Christian Lindner'ın, ister Caren Miosga'yla ister çok tartışılan selfie açıklama videosunda olsun, görünüşü izleyicide utanç ve öfke duygusu bırakıyor. Utanıyorum çünkü Lindner'ın ağzı sıkı, öfkeli sinirliliği o kadar açıkça benmerkezci ki, tıpkı “saha savaşı” deyiminin gülünç olması gibi. Öfke, çünkü Lindner'in sorumluluk almayı reddetmesi siyasi bir makamın itibarına yakışmıyor ve yavaş ama emin adımlarla bir seçmen olarak size tamamen oyuna getirilmiş hissi veriyor.

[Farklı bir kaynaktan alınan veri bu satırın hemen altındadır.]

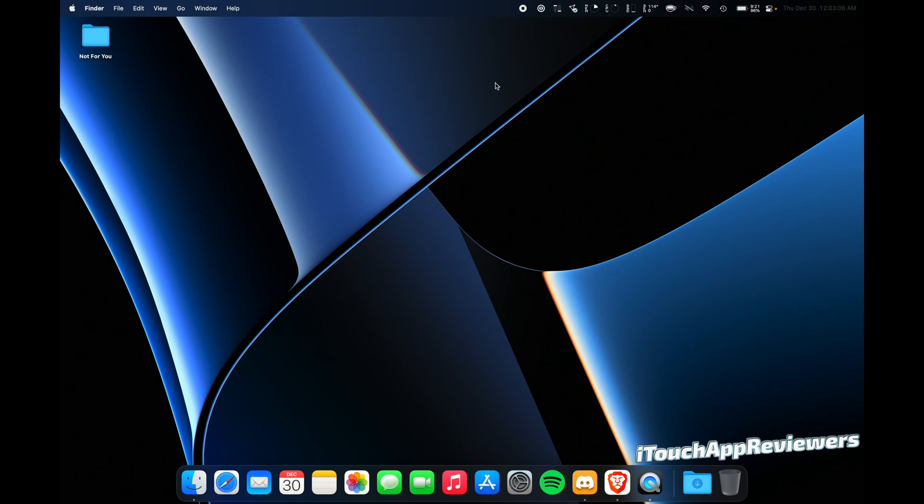I actually have a pretty big problem with my 2021 16-inch MacBook Pro. I'm not going to edit this video too much. I'm just going to go right into it.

Yeşiller Partisi'nin federal başkanı Franziska Brantner, FDP liderini dolaylı olarak yalan söylemekle suçladı: “Öğrendim ki: sen terbiyelisin, kendine saygı duyuyorsun, yalan söylemiyorsun. Bu, demokratik ortaklar arasında bir güven meselesidir.” Sözlerinin etkili bir şekilde kamuoyuna duyurulduğunu bilerek “Bild” gazetesine söyledi. Lindner'in yalan söylediğine dair açıklamanız, Lindner'ın kendisini siyasi sonuçlara varmaya zorlayacak konuşma eylemlerinden kaçınma girişimi kadar taktiksel değerlendirmelerin de sonucudur. Dahası, Brantner'ın yalan söylememenin demokratik uygulamanın mutabakatı olduğu yönündeki iddiasının kendisi de bir tür gerçek dışılıktır.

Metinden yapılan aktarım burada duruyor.